The task:
The answer must be an exact copy of the lines from the one with "2311 Teri Rd #B — Photo 1" to the last line of the entries below, both included, and must contain no pictures.

+ + +

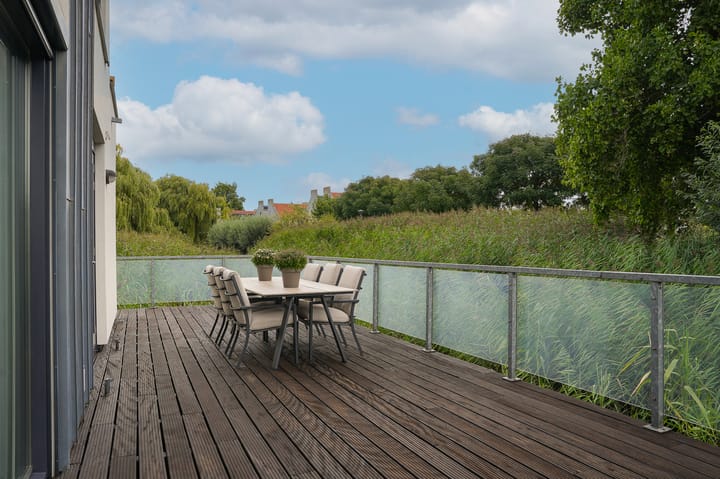 Foto 16 van Visven 351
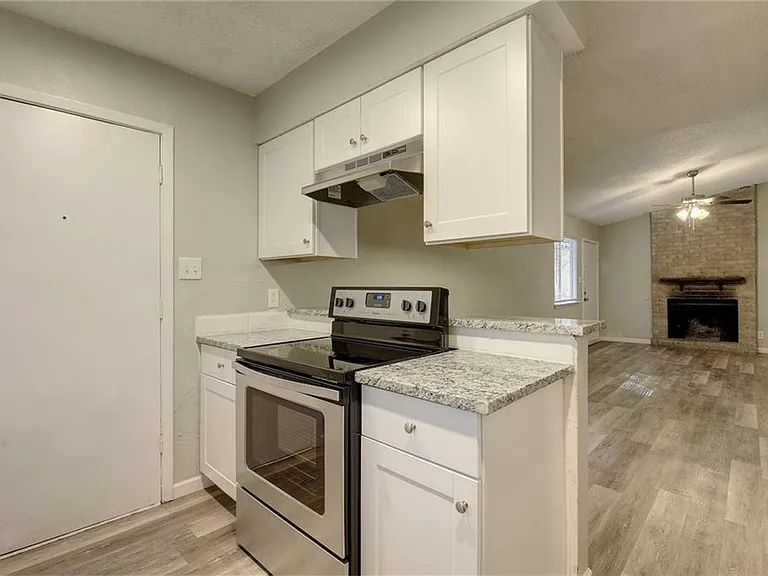 2311 Teri Rd #B — Photo 1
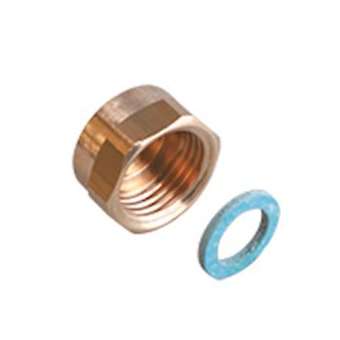 BOUCHON FEMELLE G1'1/2|Gurtner-GUR50214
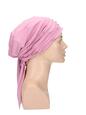 Turban Avani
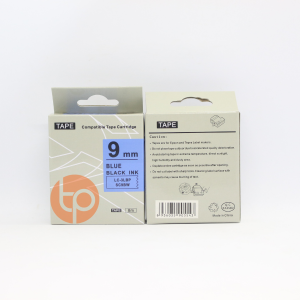 Nhãn in SC9BW/LC-3LBP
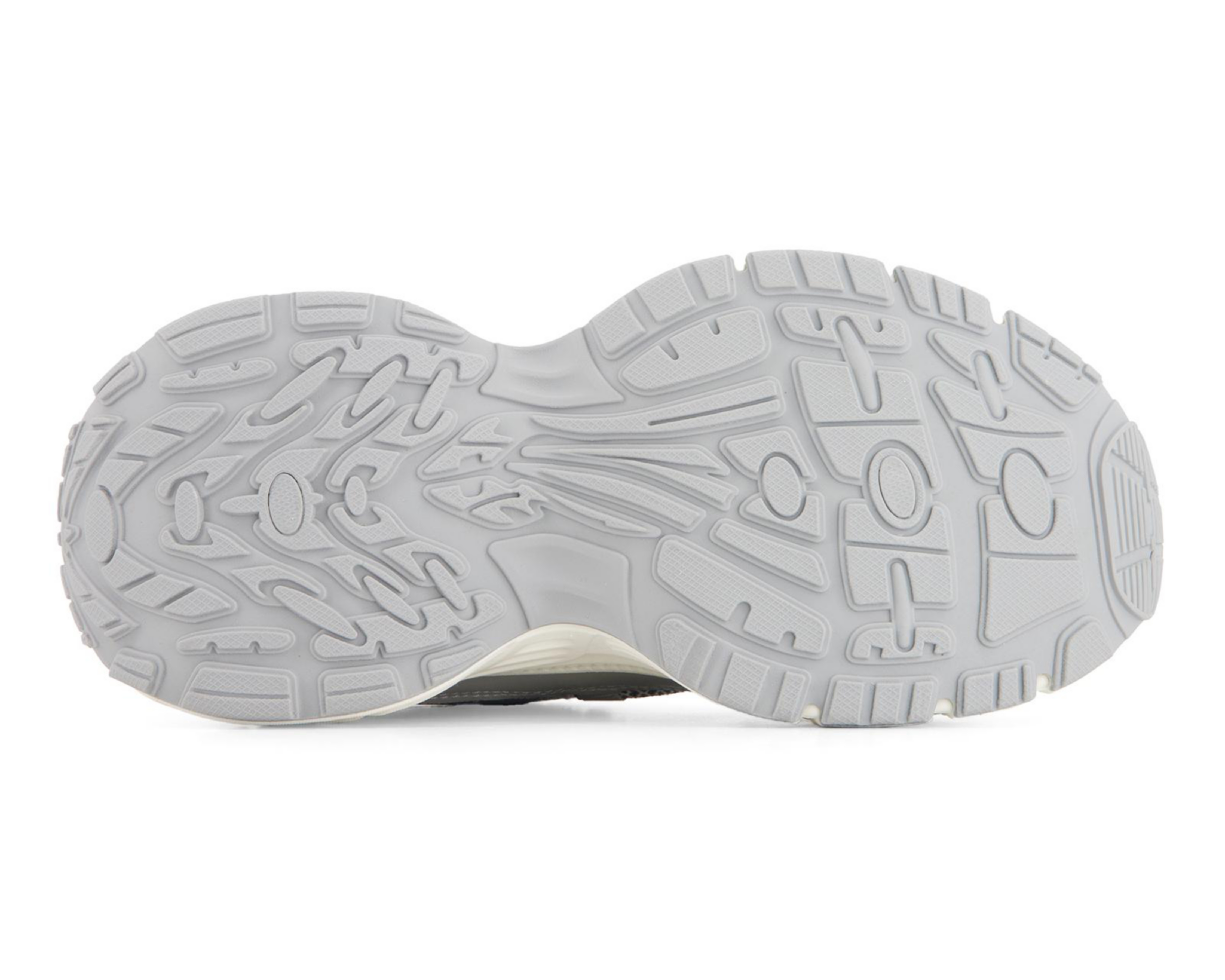 Foto 3 pulgar | Tenis Casuales Forever 21 para Mujer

+ + +

Response area:
 2311 Teri Rd #B — Photo 1
 BOUCHON FEMELLE G1'1/2|Gurtner-GUR50214
 Turban Avani
 Nhãn in SC9BW/LC-3LBP
 Foto 3 pulgar | Tenis Casuales Forever 21 para Mujer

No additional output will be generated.